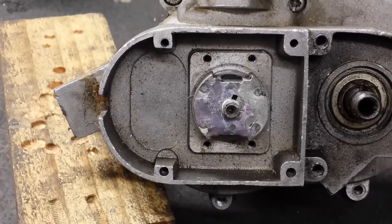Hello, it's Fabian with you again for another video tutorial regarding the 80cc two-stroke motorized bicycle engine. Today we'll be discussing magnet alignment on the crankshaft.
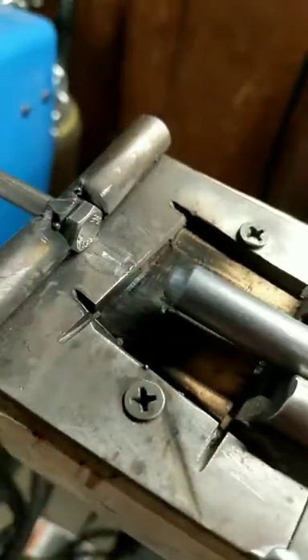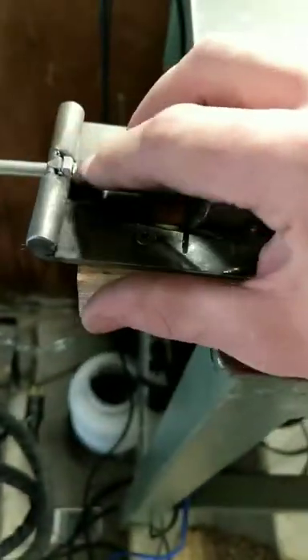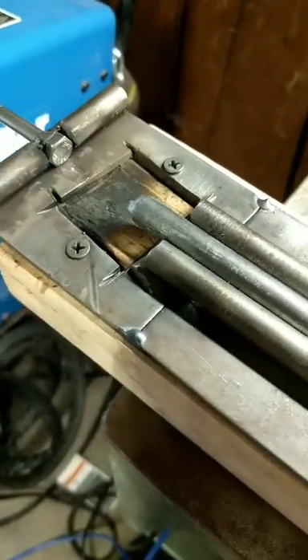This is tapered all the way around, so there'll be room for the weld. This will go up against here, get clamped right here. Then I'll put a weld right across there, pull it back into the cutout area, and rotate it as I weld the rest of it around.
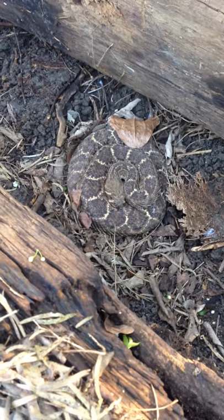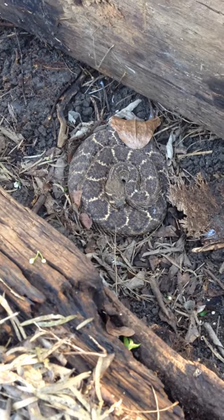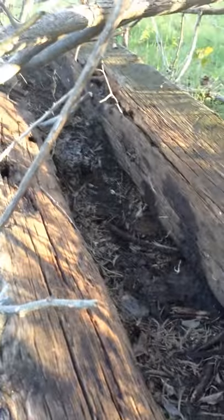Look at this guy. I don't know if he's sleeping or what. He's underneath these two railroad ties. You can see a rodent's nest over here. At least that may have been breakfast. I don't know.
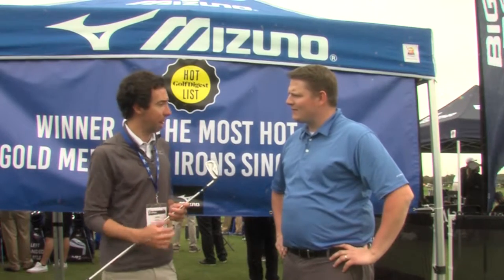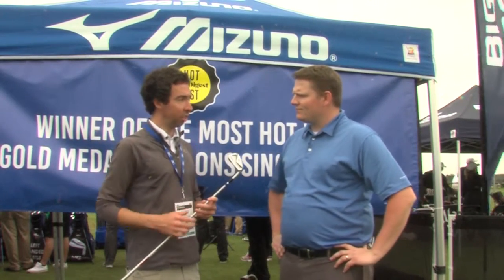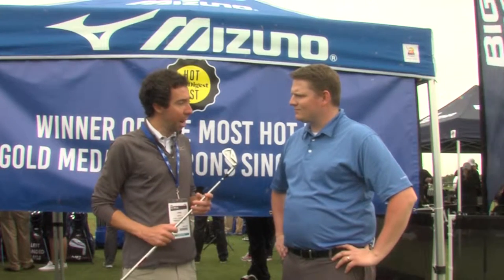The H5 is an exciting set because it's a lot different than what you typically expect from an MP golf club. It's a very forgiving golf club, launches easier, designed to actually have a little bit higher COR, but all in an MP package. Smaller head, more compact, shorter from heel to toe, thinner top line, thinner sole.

*Exercise brief*.
Copy word for word each line of the data above, from the first through the one containing "Look at this", and include no pictures.

*Solution for this task*.
Hello, it's Fabian with you again for another video tutorial regarding the 80cc two-stroke motorized bicycle engine. Today we'll be discussing magnet alignment on the crankshaft.
This is tapered all the way around, so there'll be room for the weld. This will go up against here, get clamped right here. Then I'll put a weld right across there, pull it back into the cutout area, and rotate it as I weld the rest of it around.
Look at this guy. I don't know if he's sleeping or what. He's underneath these two railroad ties. You can see a rodent's nest over here. At least that may have been breakfast. I don't know.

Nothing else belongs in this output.